TASK INSTRUCTIONS — Your answer must consist solely of the lines from the one containing "The Link Between" through the last line of the records below, reproduced exactly, with all pictures omitted.

RECORDS SHOWN —
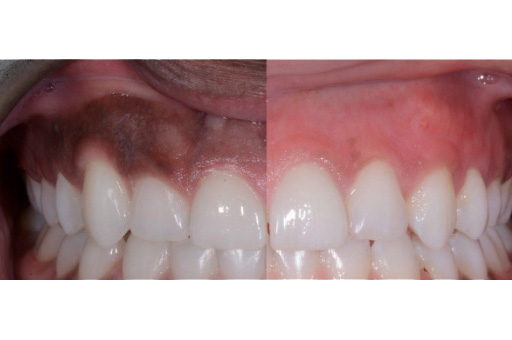 Depigmentation of gums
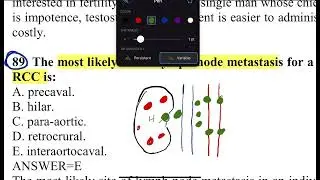 Right Renal lymph drain and the primary metastasis lymph node in RCC of Right kidney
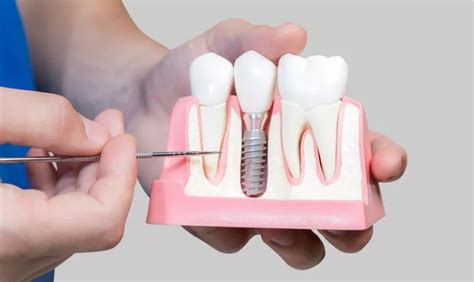 The Link Between Dental Implants And Bone Health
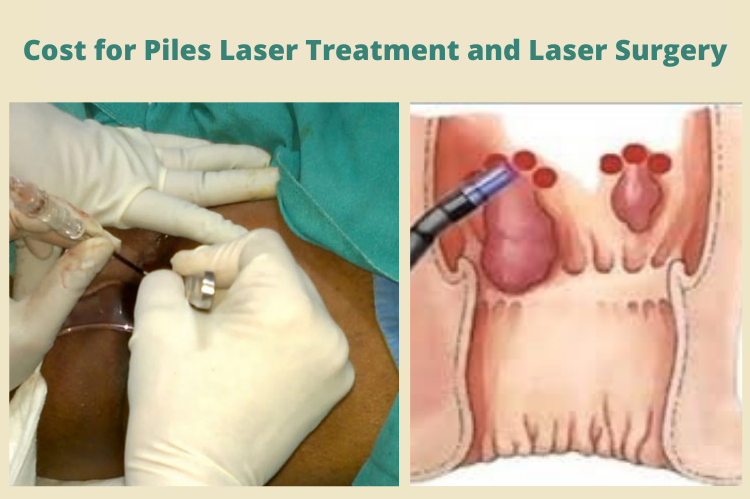 Cost for Piles Laser Treatment and Laser Surgery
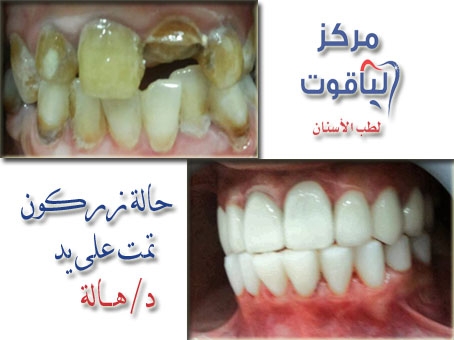 اسنان مركز الياقوت لطب الاسنان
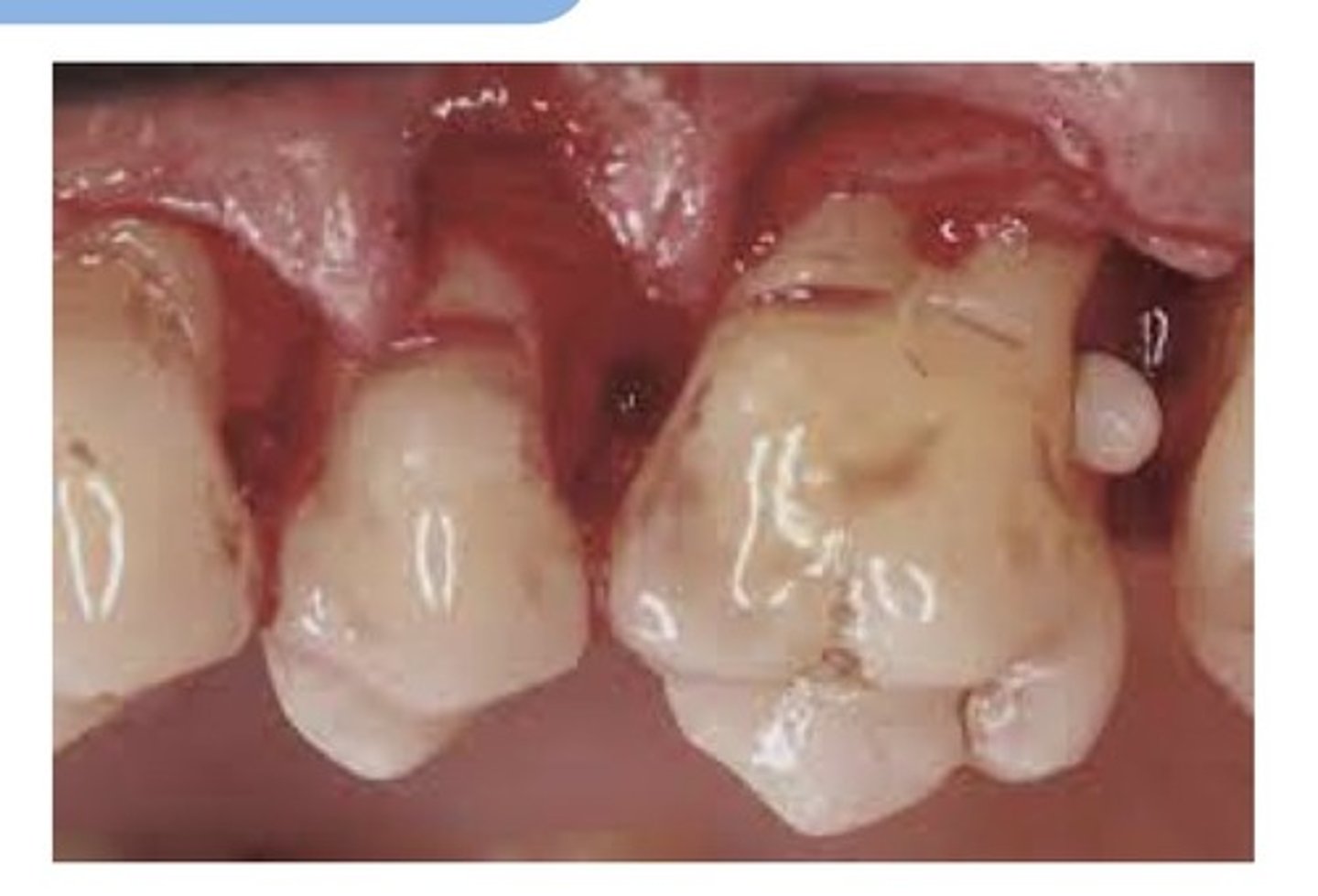 <p>A small, spherical enamel projection on a root surface. Usually found on maxillary molars. Sadiographically, it appears as a small, spherical radiopacity. Removal may be necessary if periodontal problems occur in the furcation.</p>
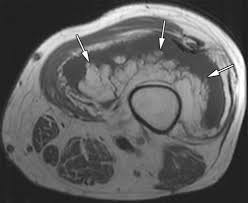 Spectrum Of Fat Containing Soft Tissue Masses At Mr Imaging The Common The Uncommon The Characteristic And The Sometimes Confusing Radiographics
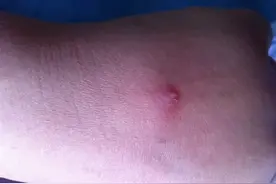 连续静滴硫酸镁    感染？静脉炎？还是药物外渗？图片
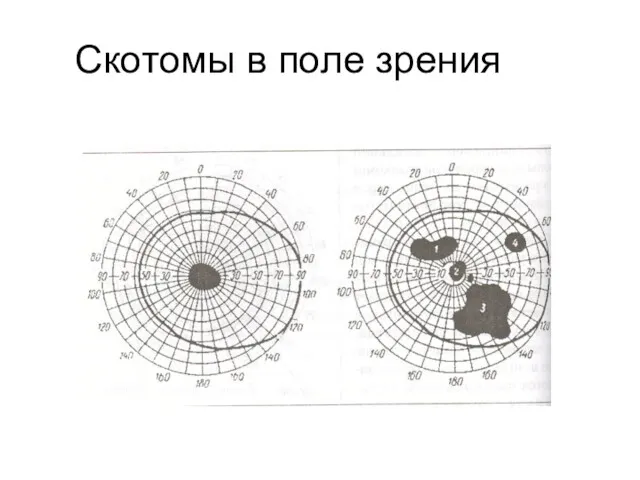 Скотомы в поле зрения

RESULT —
 The Link Between Dental Implants And Bone Health
 Cost for Piles Laser Treatment and Laser Surgery
 اسنان مركز الياقوت لطب الاسنان
 <p>A small, spherical enamel projection on a root surface. Usually found on maxillary molars. Sadiographically, it appears as a small, spherical radiopacity. Removal may be necessary if periodontal problems occur in the furcation.</p>
 Spectrum Of Fat Containing Soft Tissue Masses At Mr Imaging The Common The Uncommon The Characteristic And The Sometimes Confusing Radiographics
 连续静滴硫酸镁    感染？静脉炎？还是药物外渗？图片
 Скотомы в поле зрения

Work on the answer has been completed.